It looks good to me.
Thanks.
Tim
On Wed, Jul 01, 2020 at 05:54:11PM -0700, Tim Chen wrote:
>
>
> On 7/1/20 4:28 PM, Joel Fernandes wrote:
> > On Tue, Jun 30, 2020 at 09:32:27PM +0000, Vineeth Remanan Pillai wrote:
> >> From: Peter Zijlstra <[email protected]>
> >>
> >> Instead of only selecting a local task, select a task for all SMT
> >> siblings for every reschedule on the core (irrespective which logical
> >> CPU does the reschedule).
> >>
> >> There could be races in core scheduler where a CPU is trying to pick
> >> a task for its sibling in core scheduler, when that CPU has just been
> >> offlined. We should not schedule any tasks on the CPU in this case.
> >> Return an idle task in pick_next_task for this situation.
> >>
> >> NOTE: there is still potential for siblings rivalry.

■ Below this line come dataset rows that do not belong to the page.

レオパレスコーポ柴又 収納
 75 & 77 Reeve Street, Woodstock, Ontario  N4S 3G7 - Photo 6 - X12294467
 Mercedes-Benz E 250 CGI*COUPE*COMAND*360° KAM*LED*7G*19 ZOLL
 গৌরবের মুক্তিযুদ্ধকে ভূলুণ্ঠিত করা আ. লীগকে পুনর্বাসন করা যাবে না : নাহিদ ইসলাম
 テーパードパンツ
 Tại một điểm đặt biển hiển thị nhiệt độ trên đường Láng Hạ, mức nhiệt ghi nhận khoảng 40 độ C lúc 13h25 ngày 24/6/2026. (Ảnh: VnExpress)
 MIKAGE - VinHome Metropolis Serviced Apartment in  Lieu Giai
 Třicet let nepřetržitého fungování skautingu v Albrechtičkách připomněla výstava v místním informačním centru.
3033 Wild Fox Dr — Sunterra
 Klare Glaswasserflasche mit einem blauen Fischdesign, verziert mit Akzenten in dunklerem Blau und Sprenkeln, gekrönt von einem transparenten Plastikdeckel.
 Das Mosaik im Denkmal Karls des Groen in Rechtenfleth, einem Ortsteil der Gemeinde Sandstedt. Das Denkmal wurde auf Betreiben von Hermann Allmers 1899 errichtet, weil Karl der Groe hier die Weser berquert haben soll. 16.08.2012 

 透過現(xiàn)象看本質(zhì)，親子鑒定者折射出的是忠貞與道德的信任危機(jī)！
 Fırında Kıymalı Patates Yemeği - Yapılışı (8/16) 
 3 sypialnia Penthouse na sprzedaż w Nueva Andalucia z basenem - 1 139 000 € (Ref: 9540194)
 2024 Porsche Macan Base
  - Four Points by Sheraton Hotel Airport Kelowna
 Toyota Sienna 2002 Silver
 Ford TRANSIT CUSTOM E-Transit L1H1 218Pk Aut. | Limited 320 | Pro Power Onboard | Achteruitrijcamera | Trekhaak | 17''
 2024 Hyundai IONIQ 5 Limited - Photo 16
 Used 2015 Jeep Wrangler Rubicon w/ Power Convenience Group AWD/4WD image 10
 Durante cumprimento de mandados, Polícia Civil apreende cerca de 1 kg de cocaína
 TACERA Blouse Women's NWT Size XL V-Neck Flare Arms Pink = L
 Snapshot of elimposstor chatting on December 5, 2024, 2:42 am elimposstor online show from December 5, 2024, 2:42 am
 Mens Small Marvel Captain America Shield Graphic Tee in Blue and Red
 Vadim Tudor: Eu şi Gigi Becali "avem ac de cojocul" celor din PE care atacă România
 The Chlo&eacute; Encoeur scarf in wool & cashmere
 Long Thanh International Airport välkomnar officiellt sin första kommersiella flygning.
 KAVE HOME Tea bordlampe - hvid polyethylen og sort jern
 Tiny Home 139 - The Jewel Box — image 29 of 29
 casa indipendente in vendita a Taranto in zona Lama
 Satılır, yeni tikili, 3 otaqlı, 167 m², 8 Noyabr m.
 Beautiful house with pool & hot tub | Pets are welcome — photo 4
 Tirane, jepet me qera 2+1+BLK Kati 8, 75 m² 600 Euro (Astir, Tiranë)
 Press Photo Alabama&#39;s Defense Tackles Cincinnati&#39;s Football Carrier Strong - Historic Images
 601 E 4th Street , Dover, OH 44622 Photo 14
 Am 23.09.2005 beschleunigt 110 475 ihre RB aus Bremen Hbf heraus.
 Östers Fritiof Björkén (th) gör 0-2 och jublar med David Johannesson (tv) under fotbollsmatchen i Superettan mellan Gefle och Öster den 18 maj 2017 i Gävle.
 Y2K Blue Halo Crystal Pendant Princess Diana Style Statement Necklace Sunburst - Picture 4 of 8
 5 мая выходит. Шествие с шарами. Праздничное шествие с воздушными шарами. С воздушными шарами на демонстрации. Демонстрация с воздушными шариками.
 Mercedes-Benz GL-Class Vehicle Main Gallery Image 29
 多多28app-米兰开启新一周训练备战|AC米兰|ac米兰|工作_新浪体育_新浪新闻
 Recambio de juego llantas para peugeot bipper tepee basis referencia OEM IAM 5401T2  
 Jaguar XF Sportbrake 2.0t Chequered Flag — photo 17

> >> NOTE: this is far too complicated; but thus far I've failed to
> >> simplify it further.
> >>
> >> Signed-off-by: Peter Zijlstra (Intel) <[email protected]>
> >> Signed-off-by: Julien Desfossez <[email protected]>
> >> Signed-off-by: Vineeth Remanan Pillai <[email protected]>
> >> Signed-off-by: Aaron Lu <[email protected]>
> >> Signed-off-by: Tim Chen <[email protected]>
> >
> > Hi Peter, Tim, all, the below patch fixes the hotplug issue described in the
> > below patch's Link tag. Patch description below describes the issues fixed
> > and it applies on top of this patch.
> >
> > ------8<----------
> >
> > From: "Joel Fernandes (Google)" <[email protected]>
> > Subject: [PATCH] sched: Fix CPU hotplug causing crashes in task selection logic
> >
> > The selection logic does not run correctly if the current CPU is not in the
> > cpu_smt_mask (which it is not because the CPU is offlined when the stopper
> > finishes running and needs to switch to idle). There are also other issues
> > fixed by the patch I think such as: if some other sibling set core_pick to
> > something, however the selection logic on current cpu resets it before
> > selecting. In this case, we need to run the task selection logic again to
> > make sure it picks something if there is something to run. It might end up
> > picking the wrong task. Yet another issue was, if the stopper thread is an
"It might end up picking the wrong task" needs to be: "We might end up
picking a different task but that's Ok".
> > unconstrained pick, then rq->core_pick is set. The next time task selection
> > logic runs when stopper needs to switch to idle, the current CPU is not in
> > the smt_mask. This causes the previous ->core_pick to be picked again which
> > happens to be the unconstrained task! so the stopper keeps getting selected
> > forever.
> >
> > That and there are a few more safe guards and checks around checking/setting
> > rq->core_pick. To test it, I ran rcutorture and made it tag all torture
> > threads. Then ran it in hotplug mode (hotplugging every 200ms) and it hit the
> > issue. Now it runs for an hour or so without issue. (Torture testing debug
> > changes: https://bit.ly/38htfqK ).
> >
> > Various fixes were tried causing varying degrees of crashes. Finally I found
> > that it is easiest to just add current CPU to the smt_mask's copy always.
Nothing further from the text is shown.